Default Judgment: High Court
Whenever a defendant is in default of the delivery of a notice of intention to defend or of a plea, the plaintiff may apply for judgment by default.
In case of an illiquid claim (i.e. not for a debt or liquidated demand) the application is made to the court and in the case of a liquid claim (i.e. for a debt or liquidated demand) the application is made to the registrar. If both types of claims are claimed in the same action the application for default judgment is made to the court.
The plaintiff sets down the matter for hearing upon at least five days’ notice of his intention to apply for default judgment to the party in default, provided that no notice of set down need be given to any party in default of delivery of notice of intention to defend. As such notice of the hearing must only be given to a party in default of delivering a plea.
The court [in case of an illiquid claim (i.e. not for a debt or liquidated demand)] may then after hearing evidence grant judgment against the defendant or make such order as the court deems appropriate. The evidence which may be required to be led by the court is not confined to the issue of quantum but may also relate to the cause of action or merits of the claim. This evidence may be accepted by the court on affidavit.
A defendant may within 20 days after he has knowledge of such judgment apply to court upon notice to the plaintiff to set aside such judgment. The court may, upon good cause shown, set aside the default judgment on such terms as it deems appropriate.
Where a plaintiff has been barred from delivering a declaration the defendant may set the action down as above and apply for absolution from the instance or, after adducing evidence, for judgment, and the court may make such order thereon as to it seems meet.
In the case of a liquid claim (i.e. for a debt or liquidated demand) the plaintiff must file with the registrar a written application for judgment against the defendant.
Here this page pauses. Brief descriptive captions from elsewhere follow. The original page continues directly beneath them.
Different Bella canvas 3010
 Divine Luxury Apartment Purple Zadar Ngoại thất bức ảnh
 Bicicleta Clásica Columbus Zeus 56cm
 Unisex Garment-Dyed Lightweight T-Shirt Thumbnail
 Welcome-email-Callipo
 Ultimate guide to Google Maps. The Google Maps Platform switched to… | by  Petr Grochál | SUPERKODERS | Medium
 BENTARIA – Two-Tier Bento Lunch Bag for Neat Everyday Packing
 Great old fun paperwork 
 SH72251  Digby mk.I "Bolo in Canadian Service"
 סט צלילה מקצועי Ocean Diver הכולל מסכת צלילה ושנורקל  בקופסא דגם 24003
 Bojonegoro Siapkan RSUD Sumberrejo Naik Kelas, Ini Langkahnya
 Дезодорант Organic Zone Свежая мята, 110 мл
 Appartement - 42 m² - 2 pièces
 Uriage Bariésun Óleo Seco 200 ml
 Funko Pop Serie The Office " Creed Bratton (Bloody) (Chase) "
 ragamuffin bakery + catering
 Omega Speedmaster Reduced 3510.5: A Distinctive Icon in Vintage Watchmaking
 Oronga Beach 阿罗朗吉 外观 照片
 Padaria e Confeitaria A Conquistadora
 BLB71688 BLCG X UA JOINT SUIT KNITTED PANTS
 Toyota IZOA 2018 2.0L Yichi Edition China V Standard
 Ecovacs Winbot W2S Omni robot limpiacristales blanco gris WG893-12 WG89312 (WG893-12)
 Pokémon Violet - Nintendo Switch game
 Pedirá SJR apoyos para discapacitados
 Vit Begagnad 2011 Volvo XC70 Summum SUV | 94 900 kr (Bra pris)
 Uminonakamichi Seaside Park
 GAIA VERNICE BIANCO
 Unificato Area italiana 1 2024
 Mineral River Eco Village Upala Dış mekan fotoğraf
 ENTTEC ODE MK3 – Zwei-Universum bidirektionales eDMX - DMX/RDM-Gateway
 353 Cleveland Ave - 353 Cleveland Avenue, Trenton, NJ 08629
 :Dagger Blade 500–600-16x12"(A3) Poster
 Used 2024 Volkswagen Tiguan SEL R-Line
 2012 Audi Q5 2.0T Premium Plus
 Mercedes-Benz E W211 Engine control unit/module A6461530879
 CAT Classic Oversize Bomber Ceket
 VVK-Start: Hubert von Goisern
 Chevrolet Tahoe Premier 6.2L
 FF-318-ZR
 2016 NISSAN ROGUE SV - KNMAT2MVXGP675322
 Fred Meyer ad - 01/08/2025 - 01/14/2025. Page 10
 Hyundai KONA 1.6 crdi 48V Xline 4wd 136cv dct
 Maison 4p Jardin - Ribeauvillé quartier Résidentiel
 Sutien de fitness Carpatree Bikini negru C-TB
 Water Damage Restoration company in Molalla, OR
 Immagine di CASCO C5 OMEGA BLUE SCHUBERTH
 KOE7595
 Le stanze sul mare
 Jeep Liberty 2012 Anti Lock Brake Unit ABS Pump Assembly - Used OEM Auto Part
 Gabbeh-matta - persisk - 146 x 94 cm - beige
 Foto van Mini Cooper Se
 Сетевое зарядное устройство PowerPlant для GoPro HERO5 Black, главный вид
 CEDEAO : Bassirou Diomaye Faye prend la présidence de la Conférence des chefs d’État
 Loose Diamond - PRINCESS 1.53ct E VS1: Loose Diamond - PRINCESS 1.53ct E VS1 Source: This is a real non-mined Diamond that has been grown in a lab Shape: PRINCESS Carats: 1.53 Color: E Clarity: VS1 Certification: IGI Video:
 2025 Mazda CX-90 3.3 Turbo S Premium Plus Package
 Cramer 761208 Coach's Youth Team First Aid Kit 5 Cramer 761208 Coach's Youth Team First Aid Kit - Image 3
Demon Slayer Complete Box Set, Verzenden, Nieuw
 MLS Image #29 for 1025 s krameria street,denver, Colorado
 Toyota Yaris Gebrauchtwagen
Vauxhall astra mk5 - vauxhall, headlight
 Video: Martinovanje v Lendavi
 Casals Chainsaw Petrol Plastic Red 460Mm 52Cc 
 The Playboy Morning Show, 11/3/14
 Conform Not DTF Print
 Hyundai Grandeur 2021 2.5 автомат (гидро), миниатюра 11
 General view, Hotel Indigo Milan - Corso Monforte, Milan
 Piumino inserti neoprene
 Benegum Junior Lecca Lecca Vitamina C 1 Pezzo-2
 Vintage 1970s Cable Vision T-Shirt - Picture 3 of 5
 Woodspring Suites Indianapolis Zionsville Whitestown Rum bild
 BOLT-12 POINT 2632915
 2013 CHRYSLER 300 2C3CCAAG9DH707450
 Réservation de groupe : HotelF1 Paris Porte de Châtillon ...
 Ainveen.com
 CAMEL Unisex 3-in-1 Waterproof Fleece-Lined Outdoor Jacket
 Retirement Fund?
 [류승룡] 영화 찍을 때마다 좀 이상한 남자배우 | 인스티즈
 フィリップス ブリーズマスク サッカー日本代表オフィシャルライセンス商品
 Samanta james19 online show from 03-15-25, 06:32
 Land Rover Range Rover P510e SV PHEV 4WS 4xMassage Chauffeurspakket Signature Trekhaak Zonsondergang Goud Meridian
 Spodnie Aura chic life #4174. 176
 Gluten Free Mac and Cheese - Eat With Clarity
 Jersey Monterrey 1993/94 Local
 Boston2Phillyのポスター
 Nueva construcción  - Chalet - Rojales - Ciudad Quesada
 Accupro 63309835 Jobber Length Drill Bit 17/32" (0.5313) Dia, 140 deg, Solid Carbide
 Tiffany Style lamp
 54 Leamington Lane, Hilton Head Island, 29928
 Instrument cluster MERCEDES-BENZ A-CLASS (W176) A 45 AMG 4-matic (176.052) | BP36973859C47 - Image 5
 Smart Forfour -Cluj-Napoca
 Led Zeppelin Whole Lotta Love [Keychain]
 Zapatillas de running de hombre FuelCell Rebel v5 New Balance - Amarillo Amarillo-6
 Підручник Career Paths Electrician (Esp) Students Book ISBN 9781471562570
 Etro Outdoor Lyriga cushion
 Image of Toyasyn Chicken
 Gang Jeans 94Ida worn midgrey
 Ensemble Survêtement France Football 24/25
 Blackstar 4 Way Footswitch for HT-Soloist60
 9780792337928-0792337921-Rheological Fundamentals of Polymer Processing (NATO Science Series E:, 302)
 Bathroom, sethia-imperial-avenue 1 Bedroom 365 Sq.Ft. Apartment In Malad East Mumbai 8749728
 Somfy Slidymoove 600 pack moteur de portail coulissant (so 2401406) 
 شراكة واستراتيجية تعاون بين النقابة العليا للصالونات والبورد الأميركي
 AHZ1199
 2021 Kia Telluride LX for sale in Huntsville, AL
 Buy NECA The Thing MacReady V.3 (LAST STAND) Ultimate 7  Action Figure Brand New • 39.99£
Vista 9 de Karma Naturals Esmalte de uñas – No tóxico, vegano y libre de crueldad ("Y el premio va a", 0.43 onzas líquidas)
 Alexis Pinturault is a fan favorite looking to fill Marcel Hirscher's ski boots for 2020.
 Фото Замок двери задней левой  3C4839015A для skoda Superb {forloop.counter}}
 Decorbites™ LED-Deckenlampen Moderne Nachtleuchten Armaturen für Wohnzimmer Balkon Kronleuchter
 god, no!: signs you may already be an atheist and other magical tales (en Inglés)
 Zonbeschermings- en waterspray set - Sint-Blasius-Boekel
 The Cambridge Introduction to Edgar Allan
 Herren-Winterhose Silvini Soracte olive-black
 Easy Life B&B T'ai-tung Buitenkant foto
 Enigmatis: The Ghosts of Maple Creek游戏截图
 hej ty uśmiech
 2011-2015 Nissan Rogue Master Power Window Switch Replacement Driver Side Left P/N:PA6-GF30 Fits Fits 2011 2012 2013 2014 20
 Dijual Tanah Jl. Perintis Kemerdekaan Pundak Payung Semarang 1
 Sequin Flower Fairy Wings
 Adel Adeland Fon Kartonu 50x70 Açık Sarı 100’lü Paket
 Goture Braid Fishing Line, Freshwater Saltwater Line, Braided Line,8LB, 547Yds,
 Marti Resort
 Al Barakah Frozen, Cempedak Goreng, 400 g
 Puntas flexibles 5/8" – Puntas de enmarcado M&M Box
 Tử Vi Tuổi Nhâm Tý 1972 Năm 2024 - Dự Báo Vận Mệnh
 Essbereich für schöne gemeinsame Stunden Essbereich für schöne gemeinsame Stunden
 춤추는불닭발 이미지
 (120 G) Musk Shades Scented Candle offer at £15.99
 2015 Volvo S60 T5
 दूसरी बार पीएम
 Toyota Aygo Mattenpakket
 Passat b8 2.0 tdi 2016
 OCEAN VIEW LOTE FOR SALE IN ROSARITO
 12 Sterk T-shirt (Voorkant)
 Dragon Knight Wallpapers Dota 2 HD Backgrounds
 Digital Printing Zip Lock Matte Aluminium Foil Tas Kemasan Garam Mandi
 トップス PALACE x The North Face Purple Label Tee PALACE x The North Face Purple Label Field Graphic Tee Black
The registrar may –
(i) grant judgment as requested,
(ii) grant judgment for part of the claim only or on amended terms,
(iii) refuse judgment wholly or in part,
(iv) postpone the application for judgment on such terms as he may consider just,
(v) request or receive oral or written submissions, or
(vi) require that the matter be set down for hearing in open court.
If the application is for an order declaring residential property specially executable, the registrar must refer such application to the court.
The registrar shall record any judgment granted or direction given by him. Any party dissatisfied with a judgment granted or direction given by the registrar may, within 20 days after such party has acquired knowledge of such judgment or direction, set the matter down for reconsideration by the court.